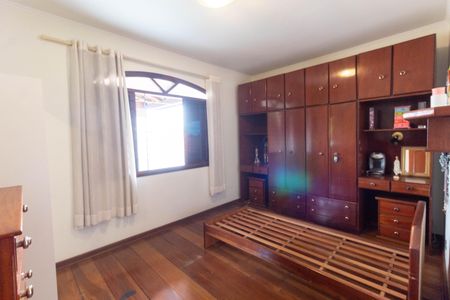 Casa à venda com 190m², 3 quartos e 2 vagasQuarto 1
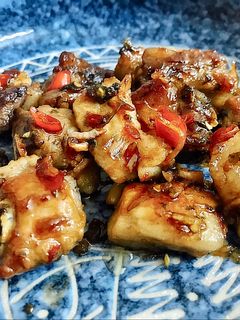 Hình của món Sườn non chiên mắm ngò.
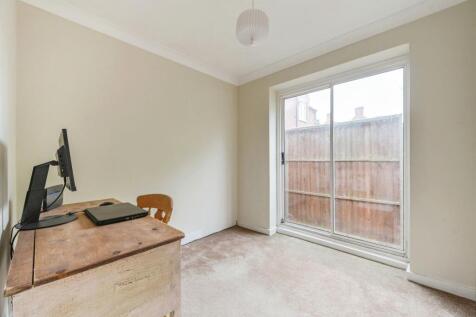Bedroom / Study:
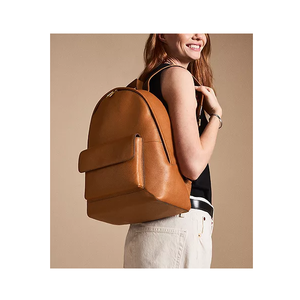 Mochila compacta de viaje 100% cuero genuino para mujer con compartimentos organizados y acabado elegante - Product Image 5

----------------

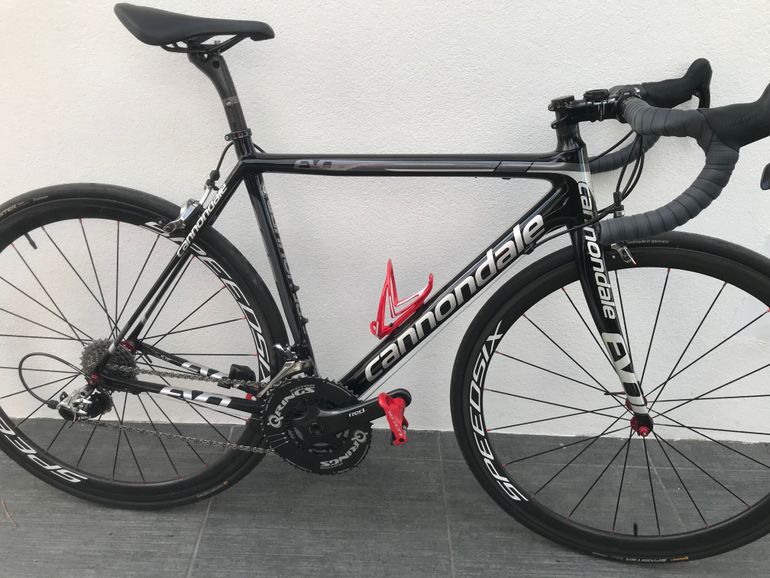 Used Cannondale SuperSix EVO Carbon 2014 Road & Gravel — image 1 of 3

----------------

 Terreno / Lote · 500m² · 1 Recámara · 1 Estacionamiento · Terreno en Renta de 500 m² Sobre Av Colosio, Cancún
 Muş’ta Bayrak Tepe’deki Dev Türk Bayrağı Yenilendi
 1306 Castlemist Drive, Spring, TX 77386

----------------

ABOUT THIS EXERCISE: Look above for the line with "Casa à venda" and the line with "Mochila compacta de". Output those two and everything between them exactly, pictures excluded.

WRITTEN SOLUTION:
 Casa à venda com 190m², 3 quartos e 2 vagasQuarto 1
 Hình của món Sườn non chiên mắm ngò.
Bedroom / Study:
 Mochila compacta de viaje 100% cuero genuino para mujer con compartimentos organizados y acabado elegante - Product Image 5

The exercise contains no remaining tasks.